■ PROBLEM STATEMENT
Copy the entries out again in full.

======== PROVIDED RECORDS ========

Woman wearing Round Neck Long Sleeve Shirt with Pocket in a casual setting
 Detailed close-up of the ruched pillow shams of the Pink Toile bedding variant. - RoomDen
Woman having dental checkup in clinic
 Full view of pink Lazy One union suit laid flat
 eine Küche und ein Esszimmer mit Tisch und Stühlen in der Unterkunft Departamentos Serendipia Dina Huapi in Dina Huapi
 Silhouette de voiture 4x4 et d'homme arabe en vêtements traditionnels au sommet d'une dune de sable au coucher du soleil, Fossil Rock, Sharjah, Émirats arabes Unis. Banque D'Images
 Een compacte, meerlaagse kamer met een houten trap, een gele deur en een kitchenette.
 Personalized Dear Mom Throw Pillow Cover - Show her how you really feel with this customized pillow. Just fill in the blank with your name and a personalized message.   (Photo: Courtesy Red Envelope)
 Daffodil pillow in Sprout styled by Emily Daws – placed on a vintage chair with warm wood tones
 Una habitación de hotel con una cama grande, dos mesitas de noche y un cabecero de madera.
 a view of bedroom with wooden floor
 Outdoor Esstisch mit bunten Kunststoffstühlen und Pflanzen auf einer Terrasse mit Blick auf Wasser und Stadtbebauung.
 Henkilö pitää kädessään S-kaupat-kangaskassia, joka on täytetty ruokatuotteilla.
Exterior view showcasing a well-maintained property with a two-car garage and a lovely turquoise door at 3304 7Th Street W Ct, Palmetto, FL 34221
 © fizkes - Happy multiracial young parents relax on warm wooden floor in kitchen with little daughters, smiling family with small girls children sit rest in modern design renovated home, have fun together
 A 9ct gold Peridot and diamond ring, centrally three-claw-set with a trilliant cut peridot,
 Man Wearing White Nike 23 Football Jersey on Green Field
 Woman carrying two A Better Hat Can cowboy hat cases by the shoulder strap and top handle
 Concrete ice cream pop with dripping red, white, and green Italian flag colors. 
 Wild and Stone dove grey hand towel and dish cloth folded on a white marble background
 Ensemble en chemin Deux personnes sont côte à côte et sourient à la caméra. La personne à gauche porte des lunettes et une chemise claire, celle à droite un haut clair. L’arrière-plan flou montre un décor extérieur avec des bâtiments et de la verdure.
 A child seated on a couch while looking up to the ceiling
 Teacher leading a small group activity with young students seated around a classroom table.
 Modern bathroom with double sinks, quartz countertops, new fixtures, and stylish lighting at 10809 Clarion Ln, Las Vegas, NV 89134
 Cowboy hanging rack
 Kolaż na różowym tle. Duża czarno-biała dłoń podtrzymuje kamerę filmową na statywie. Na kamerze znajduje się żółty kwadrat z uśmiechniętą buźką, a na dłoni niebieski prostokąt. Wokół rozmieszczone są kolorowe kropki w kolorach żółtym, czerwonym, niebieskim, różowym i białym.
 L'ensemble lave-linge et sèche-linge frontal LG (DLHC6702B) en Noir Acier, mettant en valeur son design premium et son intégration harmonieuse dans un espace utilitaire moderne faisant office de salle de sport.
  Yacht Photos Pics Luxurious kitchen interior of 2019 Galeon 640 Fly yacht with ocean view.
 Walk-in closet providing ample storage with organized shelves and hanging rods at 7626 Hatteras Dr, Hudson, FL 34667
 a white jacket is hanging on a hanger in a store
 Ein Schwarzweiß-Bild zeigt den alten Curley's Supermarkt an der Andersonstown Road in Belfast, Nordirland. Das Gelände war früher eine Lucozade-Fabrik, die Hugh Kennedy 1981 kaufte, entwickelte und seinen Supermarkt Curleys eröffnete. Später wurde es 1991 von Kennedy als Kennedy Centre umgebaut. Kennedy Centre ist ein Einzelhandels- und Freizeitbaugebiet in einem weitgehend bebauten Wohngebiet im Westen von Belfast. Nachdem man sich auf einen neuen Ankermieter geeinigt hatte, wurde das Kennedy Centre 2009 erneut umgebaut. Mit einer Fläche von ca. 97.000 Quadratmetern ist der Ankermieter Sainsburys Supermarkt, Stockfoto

========

■ WRITTEN SOLUTION
Woman wearing Round Neck Long Sleeve Shirt with Pocket in a casual setting
 Detailed close-up of the ruched pillow shams of the Pink Toile bedding variant. - RoomDen
Woman having dental checkup in clinic
 Full view of pink Lazy One union suit laid flat
 eine Küche und ein Esszimmer mit Tisch und Stühlen in der Unterkunft Departamentos Serendipia Dina Huapi in Dina Huapi
 Silhouette de voiture 4x4 et d'homme arabe en vêtements traditionnels au sommet d'une dune de sable au coucher du soleil, Fossil Rock, Sharjah, Émirats arabes Unis. Banque D'Images
 Een compacte, meerlaagse kamer met een houten trap, een gele deur en een kitchenette.
 Personalized Dear Mom Throw Pillow Cover - Show her how you really feel with this customized pillow. Just fill in the blank with your name and a personalized message.   (Photo: Courtesy Red Envelope)
 Daffodil pillow in Sprout styled by Emily Daws – placed on a vintage chair with warm wood tones
 Una habitación de hotel con una cama grande, dos mesitas de noche y un cabecero de madera.
 a view of bedroom with wooden floor
 Outdoor Esstisch mit bunten Kunststoffstühlen und Pflanzen auf einer Terrasse mit Blick auf Wasser und Stadtbebauung.
 Henkilö pitää kädessään S-kaupat-kangaskassia, joka on täytetty ruokatuotteilla.
Exterior view showcasing a well-maintained property with a two-car garage and a lovely turquoise door at 3304 7Th Street W Ct, Palmetto, FL 34221
 © fizkes - Happy multiracial young parents relax on warm wooden floor in kitchen with little daughters, smiling family with small girls children sit rest in modern design renovated home, have fun together
 A 9ct gold Peridot and diamond ring, centrally three-claw-set with a trilliant cut peridot,
 Man Wearing White Nike 23 Football Jersey on Green Field
 Woman carrying two A Better Hat Can cowboy hat cases by the shoulder strap and top handle
 Concrete ice cream pop with dripping red, white, and green Italian flag colors. 
 Wild and Stone dove grey hand towel and dish cloth folded on a white marble background
 Ensemble en chemin Deux personnes sont côte à côte et sourient à la caméra. La personne à gauche porte des lunettes et une chemise claire, celle à droite un haut clair. L’arrière-plan flou montre un décor extérieur avec des bâtiments et de la verdure.
 A child seated on a couch while looking up to the ceiling
 Teacher leading a small group activity with young students seated around a classroom table.
 Modern bathroom with double sinks, quartz countertops, new fixtures, and stylish lighting at 10809 Clarion Ln, Las Vegas, NV 89134
 Cowboy hanging rack
 Kolaż na różowym tle. Duża czarno-biała dłoń podtrzymuje kamerę filmową na statywie. Na kamerze znajduje się żółty kwadrat z uśmiechniętą buźką, a na dłoni niebieski prostokąt. Wokół rozmieszczone są kolorowe kropki w kolorach żółtym, czerwonym, niebieskim, różowym i białym.
 L'ensemble lave-linge et sèche-linge frontal LG (DLHC6702B) en Noir Acier, mettant en valeur son design premium et son intégration harmonieuse dans un espace utilitaire moderne faisant office de salle de sport.
  Yacht Photos Pics Luxurious kitchen interior of 2019 Galeon 640 Fly yacht with ocean view.
 Walk-in closet providing ample storage with organized shelves and hanging rods at 7626 Hatteras Dr, Hudson, FL 34667
 a white jacket is hanging on a hanger in a store
 Ein Schwarzweiß-Bild zeigt den alten Curley's Supermarkt an der Andersonstown Road in Belfast, Nordirland. Das Gelände war früher eine Lucozade-Fabrik, die Hugh Kennedy 1981 kaufte, entwickelte und seinen Supermarkt Curleys eröffnete. Später wurde es 1991 von Kennedy als Kennedy Centre umgebaut. Kennedy Centre ist ein Einzelhandels- und Freizeitbaugebiet in einem weitgehend bebauten Wohngebiet im Westen von Belfast. Nachdem man sich auf einen neuen Ankermieter geeinigt hatte, wurde das Kennedy Centre 2009 erneut umgebaut. Mit einer Fläche von ca. 97.000 Quadratmetern ist der Ankermieter Sainsburys Supermarkt, Stockfoto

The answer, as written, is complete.